▶ _Short descriptive text snippets_
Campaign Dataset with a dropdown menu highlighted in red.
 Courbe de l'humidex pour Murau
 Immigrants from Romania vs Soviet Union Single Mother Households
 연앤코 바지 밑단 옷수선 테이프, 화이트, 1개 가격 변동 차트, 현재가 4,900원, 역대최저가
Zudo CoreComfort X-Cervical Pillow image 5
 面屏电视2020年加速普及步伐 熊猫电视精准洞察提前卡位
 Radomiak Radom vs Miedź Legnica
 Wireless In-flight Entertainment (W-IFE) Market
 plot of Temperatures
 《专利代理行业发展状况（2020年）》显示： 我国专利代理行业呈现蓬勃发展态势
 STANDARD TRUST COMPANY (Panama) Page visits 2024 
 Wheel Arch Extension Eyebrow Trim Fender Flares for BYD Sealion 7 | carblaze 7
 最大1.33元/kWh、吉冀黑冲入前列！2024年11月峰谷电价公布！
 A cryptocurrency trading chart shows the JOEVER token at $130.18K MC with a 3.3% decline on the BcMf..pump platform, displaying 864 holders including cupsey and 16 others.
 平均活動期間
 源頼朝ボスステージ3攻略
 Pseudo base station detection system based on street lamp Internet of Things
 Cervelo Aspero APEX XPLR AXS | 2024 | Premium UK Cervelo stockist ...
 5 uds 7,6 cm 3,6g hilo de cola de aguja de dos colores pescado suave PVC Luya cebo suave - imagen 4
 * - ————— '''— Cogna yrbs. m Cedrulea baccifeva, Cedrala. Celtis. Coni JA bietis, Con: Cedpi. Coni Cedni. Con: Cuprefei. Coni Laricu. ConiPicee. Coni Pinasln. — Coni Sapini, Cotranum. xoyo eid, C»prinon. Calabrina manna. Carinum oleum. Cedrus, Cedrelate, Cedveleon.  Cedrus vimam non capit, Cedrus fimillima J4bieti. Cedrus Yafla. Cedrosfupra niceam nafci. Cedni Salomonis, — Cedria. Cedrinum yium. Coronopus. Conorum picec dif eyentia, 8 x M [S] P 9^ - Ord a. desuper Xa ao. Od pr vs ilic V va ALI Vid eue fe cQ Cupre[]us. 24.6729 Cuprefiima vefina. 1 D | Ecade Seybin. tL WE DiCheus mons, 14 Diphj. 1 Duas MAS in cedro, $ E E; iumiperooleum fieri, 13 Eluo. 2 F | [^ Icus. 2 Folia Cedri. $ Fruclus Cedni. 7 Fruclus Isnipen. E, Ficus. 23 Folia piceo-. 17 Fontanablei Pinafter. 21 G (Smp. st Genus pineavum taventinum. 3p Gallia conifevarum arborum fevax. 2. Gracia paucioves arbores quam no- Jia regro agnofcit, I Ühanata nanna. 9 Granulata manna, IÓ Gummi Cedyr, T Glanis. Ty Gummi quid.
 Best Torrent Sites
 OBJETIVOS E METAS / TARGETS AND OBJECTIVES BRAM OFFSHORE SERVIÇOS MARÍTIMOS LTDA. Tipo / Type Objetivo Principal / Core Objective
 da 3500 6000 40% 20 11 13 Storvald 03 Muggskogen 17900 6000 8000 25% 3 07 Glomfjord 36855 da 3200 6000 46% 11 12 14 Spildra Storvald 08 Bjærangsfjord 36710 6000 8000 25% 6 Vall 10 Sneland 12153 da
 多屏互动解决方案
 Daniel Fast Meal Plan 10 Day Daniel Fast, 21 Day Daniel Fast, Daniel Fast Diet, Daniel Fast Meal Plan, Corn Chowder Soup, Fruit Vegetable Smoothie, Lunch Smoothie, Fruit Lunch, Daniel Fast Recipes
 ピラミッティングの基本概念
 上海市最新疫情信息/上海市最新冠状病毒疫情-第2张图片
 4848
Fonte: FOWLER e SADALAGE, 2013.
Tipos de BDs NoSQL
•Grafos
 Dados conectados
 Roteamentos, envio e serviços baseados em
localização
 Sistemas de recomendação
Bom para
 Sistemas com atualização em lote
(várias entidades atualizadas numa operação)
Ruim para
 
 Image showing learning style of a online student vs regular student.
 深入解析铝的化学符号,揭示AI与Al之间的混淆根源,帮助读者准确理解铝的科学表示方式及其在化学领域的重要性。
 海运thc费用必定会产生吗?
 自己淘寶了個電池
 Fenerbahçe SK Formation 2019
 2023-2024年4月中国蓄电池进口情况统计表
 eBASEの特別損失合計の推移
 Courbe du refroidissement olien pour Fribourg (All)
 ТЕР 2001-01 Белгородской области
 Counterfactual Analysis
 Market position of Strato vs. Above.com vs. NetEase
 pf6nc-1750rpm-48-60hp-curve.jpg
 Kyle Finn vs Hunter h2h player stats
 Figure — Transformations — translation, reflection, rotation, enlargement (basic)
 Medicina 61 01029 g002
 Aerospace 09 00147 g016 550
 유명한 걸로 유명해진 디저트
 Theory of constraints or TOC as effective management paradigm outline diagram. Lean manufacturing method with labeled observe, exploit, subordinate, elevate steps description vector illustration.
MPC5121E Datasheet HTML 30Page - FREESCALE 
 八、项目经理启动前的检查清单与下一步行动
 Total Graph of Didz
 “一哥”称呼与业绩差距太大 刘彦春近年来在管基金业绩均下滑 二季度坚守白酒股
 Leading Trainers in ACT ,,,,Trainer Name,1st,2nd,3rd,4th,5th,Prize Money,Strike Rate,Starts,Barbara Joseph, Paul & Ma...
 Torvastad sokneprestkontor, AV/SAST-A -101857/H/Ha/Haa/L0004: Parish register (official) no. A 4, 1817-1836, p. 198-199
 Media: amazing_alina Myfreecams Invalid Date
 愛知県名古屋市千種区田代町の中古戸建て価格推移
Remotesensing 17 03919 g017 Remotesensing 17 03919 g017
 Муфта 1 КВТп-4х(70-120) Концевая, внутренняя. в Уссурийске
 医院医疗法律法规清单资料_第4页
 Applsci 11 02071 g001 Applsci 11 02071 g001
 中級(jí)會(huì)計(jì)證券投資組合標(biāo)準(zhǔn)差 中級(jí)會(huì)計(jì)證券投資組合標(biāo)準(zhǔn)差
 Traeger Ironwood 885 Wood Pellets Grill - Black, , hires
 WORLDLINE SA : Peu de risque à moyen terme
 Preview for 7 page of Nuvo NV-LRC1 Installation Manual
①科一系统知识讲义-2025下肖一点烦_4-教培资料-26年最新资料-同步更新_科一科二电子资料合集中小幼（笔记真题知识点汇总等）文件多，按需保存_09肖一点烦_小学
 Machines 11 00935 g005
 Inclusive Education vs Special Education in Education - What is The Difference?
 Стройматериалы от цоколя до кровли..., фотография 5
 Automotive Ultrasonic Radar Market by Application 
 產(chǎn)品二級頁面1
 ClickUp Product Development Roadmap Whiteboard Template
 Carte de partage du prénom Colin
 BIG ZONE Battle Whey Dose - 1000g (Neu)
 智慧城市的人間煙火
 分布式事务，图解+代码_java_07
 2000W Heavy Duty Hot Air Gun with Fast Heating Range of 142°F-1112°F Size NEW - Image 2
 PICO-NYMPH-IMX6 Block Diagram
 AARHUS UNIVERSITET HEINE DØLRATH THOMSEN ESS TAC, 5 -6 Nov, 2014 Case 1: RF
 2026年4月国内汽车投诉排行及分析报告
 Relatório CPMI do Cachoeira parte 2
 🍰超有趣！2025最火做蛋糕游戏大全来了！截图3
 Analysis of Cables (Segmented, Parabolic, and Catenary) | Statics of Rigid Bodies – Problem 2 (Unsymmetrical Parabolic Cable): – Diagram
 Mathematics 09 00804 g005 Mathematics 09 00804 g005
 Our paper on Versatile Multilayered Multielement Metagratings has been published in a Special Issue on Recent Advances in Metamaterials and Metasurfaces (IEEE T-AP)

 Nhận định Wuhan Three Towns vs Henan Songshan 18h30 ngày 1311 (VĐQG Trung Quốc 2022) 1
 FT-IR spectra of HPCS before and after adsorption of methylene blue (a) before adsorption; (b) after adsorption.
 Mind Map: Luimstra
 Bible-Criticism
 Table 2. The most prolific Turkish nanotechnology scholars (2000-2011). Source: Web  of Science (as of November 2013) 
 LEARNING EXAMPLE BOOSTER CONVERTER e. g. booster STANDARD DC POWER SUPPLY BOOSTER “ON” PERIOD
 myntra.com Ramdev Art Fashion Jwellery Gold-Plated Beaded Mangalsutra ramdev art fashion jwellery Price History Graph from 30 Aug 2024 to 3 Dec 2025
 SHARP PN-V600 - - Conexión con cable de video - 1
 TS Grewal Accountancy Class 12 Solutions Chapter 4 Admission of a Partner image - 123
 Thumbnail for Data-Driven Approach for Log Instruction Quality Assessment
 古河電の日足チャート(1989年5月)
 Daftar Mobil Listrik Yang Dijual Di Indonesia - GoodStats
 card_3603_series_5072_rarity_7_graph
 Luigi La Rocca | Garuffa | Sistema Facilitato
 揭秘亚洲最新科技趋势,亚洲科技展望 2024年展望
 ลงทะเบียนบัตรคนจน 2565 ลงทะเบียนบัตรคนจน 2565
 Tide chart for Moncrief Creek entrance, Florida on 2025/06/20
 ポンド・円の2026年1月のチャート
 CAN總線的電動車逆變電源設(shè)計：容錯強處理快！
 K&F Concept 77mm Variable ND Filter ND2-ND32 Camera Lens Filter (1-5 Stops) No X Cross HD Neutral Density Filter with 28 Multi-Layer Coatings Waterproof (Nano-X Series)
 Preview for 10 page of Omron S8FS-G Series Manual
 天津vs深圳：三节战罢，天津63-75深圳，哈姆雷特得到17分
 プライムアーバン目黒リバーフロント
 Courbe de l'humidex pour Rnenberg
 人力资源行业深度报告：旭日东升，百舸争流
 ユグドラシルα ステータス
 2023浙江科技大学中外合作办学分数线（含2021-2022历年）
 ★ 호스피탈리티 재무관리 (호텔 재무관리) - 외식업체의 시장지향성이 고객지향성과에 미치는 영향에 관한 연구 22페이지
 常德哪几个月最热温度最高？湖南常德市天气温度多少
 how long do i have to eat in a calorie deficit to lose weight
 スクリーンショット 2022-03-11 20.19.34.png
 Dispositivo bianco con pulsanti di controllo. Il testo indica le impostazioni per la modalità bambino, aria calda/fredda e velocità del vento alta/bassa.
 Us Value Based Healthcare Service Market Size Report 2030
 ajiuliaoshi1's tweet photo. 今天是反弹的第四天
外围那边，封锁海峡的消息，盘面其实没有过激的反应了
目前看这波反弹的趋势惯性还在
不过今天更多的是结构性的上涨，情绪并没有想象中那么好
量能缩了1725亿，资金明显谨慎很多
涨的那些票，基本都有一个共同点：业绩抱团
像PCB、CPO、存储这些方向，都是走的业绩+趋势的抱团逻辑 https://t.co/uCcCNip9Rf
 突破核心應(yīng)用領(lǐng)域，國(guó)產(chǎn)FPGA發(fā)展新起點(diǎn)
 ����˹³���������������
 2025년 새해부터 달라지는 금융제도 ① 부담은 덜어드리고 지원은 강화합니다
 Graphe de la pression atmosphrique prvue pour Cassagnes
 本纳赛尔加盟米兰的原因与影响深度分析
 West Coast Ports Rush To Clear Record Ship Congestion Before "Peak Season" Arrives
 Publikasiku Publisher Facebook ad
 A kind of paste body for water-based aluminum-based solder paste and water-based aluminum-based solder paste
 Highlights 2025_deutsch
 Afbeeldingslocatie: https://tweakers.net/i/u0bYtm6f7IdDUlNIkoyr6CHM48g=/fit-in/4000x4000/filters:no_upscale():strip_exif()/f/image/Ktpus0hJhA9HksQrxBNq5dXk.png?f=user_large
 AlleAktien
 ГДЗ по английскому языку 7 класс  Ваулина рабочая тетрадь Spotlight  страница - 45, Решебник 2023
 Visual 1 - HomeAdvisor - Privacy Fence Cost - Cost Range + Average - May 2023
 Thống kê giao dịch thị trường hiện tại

▶ _What you should do_
Within the data above, the span starting at the line containing "West Coast Ports" and ending at the line containing "Highlights 2025_deutsch" is to be retyped exactly, with no other lines.

▶ _Task solution_
 West Coast Ports Rush To Clear Record Ship Congestion Before "Peak Season" Arrives
 Publikasiku Publisher Facebook ad
 A kind of paste body for water-based aluminum-based solder paste and water-based aluminum-based solder paste
 Highlights 2025_deutsch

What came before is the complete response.